Songhai is featured in two books as an expert interview, Shut Up and Shoot Documentary Guide a Down and Dirty DV Production by Anthony Q. Artis and Reel Food from Reel Women by Nina Knapp. Songhai has been featured in Hype Hair magazine, and was the Jet Beauty of the Week in the December 22–29, 2008 of Jet magazine.

==Pageantry==
Songhai was first runner-up in the Miss Black USA 2008 pageant, representing Massachusetts in the competition. Songhai has had a notable career in the Miss America Pageant system, winning the title of Miss Five Boroughs in 2004 placed in the top ten winning preliminary on-stage questions in the Miss New York Pageant.

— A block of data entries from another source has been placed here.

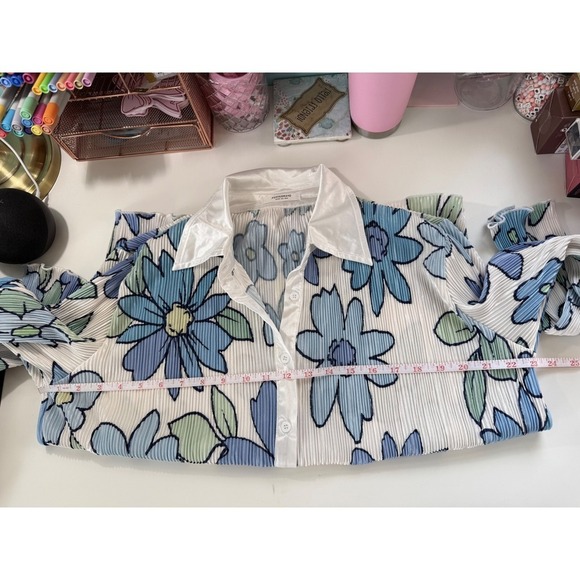 PEPPERMAYO Floral‎ Pleated Shirt Button Front Long Sleeve Women's Top - Picture 7 of 11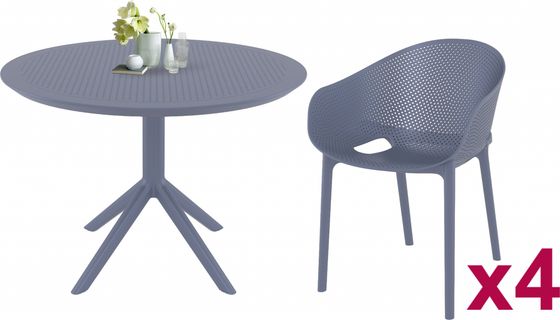 Комплект пластиковой мебели Sky Ø105 Pro, серый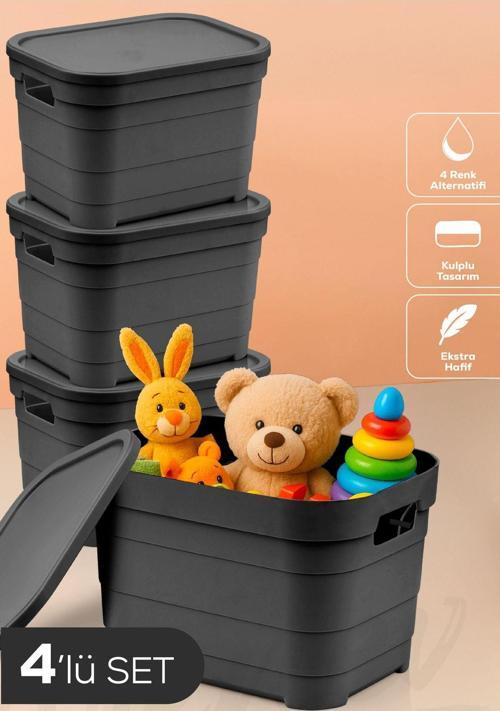 4'lü Kapaklı 5 Litre Saklama Kutusu Antrasit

Prior to this win, Songhai was first runner up to Miss District of Columbia 2003, second runner up to Miss District of Columbia 2001, and was first runner up to Miss Metropolitan Manhattan 2004. Songhai's talent is usually a comedic monologue, and she has won top-interview, and on-stage question at nearly every pageant in which she has competed.

| Preceded by Nwannedima Uchendu | Miss Black Massachusetts USA 2008 | Succeeded by Saundra Quinlan |

| Preceded by Karmen Kluge | Miss Five Boroughs 2004 | Succeeded by None |

== Name meaning ==
Safiya means "clear and pure-minded woman" in the Swahili language. Songhai is from the largest and most accomplished 15th- and 16th-century West African Empire, now Mali, Burkina Faso and Niger, whose leaders emphasized education and social, economic and gender equality.